Berlin: African-American Film, TV Projects Strive for Global Crossover
"We haven’t had a black TV show go global since 'The Cosby Show,'" says one European TV buyer as 'Selma' and 'Empire' aim to challenge the status quo overseas.
This could be the year that films with African-American themes break the color barrier. From studio productions like Sony’s Annie to Paramount pickups Selma (screening in Berlin Feb. 10) and Chris Rock’s Top Five to Sundance success stories like Justin Simien’s Dear White People in 2014 and Rick Famuyiwa’s Dope this year, films with primarily African-American casts and storylines are looking to bury the cliche that black movies are a niche genre abroad. It’s a cliche that unfortunately still has the ring of truth. Any major international sales company attending Berlin’s EFM will admit foreign buyers have a harder time committing to a title with mainly black faces onscreen.

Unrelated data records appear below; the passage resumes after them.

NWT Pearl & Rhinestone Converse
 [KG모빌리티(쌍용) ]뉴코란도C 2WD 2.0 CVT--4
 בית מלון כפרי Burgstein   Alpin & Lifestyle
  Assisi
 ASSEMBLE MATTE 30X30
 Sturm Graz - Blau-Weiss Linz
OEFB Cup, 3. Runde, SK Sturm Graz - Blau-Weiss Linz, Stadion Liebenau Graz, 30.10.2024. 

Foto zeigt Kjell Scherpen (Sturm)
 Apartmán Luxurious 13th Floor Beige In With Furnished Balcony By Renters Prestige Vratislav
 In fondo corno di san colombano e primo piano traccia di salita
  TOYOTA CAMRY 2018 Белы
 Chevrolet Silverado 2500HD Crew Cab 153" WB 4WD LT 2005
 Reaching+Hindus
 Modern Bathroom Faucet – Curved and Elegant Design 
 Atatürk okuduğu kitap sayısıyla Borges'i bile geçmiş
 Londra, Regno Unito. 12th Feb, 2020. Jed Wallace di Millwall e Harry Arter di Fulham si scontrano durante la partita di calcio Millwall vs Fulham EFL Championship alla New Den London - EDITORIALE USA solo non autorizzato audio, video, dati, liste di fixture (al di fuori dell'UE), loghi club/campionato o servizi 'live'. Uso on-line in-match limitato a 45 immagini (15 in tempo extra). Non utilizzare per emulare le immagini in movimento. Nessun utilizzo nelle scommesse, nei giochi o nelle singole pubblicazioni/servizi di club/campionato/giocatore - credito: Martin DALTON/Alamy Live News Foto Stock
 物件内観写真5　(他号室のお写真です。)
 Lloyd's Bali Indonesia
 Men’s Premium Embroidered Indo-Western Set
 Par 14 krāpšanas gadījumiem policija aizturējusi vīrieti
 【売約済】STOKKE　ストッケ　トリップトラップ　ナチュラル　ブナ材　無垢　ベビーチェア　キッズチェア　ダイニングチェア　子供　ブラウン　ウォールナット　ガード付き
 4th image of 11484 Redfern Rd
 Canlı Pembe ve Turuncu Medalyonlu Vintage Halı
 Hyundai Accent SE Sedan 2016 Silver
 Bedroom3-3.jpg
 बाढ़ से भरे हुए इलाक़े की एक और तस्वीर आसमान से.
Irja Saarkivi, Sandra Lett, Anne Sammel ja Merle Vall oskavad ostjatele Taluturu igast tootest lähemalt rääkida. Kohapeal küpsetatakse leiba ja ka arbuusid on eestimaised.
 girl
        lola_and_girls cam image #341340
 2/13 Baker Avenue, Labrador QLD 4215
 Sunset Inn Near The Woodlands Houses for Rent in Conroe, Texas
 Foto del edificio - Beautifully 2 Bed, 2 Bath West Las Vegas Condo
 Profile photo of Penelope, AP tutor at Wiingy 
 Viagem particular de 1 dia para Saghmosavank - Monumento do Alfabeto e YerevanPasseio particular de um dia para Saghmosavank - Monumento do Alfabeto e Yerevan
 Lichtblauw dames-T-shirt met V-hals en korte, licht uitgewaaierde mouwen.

“It’s a dilemma that baffles me, because we should be making money overseas,” says Lee Daniels, director of The Butler, which proved the doubters wrong by grossing some $60 million outside North America. “I think people everywhere are fascinated with African-American culture. Clearly, Beyonce is a hit. Clearly, Obama is a hit everywhere except in America with white people. African-American films should be making money overseas.”
As should African-American television. Empire, the hip-hop primetime soap that Daniels developed and is a ratings hit for Fox, will be a test case for the international market.
“Empire’s success speaks for itself, but it will be a tough sell because we haven’t had a black TV show go global since The Cosby Show and that was the first,” says one European television buyer who nevertheless picked up Empire for his home territory.
Damon D’Oliveira, producer of historic miniseries The Book of Negroes, which is screening at EFM, says he hopes African-American content is “crossing a threshold” when it comes to its international appeal. Book of Negroes, starring Aunjanue Ellis and Cuba Gooding Jr., attracted 2 million viewers in its debut on Canada’s CBC network in January and will go out on BET later this month. Entertainment One, which is handling world sales for Book of Negroes, says it has closed deals for much of Europe on the miniseries.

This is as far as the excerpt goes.